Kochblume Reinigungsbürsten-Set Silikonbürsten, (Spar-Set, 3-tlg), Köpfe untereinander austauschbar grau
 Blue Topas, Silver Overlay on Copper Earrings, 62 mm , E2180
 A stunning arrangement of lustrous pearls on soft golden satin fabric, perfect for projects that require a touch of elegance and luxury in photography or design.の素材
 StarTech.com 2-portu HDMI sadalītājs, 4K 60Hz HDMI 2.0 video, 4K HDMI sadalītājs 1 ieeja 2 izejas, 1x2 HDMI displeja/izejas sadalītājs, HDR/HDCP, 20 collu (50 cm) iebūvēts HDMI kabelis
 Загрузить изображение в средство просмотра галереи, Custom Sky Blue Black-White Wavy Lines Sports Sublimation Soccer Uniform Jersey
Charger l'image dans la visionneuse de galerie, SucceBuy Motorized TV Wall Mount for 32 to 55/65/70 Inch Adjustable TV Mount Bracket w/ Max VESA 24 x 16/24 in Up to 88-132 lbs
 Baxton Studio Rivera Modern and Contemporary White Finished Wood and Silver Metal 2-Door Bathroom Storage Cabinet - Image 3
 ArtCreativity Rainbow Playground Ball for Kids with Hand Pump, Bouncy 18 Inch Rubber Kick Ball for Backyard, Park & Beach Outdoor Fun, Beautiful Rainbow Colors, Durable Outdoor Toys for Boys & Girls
******
* **What is needed**
Each line in the records above must be returned exactly as it stands.

* **Response to this exercise**
Kochblume Reinigungsbürsten-Set Silikonbürsten, (Spar-Set, 3-tlg), Köpfe untereinander austauschbar grau
 Blue Topas, Silver Overlay on Copper Earrings, 62 mm , E2180
 A stunning arrangement of lustrous pearls on soft golden satin fabric, perfect for projects that require a touch of elegance and luxury in photography or design.の素材
 StarTech.com 2-portu HDMI sadalītājs, 4K 60Hz HDMI 2.0 video, 4K HDMI sadalītājs 1 ieeja 2 izejas, 1x2 HDMI displeja/izejas sadalītājs, HDR/HDCP, 20 collu (50 cm) iebūvēts HDMI kabelis
 Загрузить изображение в средство просмотра галереи, Custom Sky Blue Black-White Wavy Lines Sports Sublimation Soccer Uniform Jersey
Charger l'image dans la visionneuse de galerie, SucceBuy Motorized TV Wall Mount for 32 to 55/65/70 Inch Adjustable TV Mount Bracket w/ Max VESA 24 x 16/24 in Up to 88-132 lbs
 Baxton Studio Rivera Modern and Contemporary White Finished Wood and Silver Metal 2-Door Bathroom Storage Cabinet - Image 3
 ArtCreativity Rainbow Playground Ball for Kids with Hand Pump, Bouncy 18 Inch Rubber Kick Ball for Backyard, Park & Beach Outdoor Fun, Beautiful Rainbow Colors, Durable Outdoor Toys for Boys & Girls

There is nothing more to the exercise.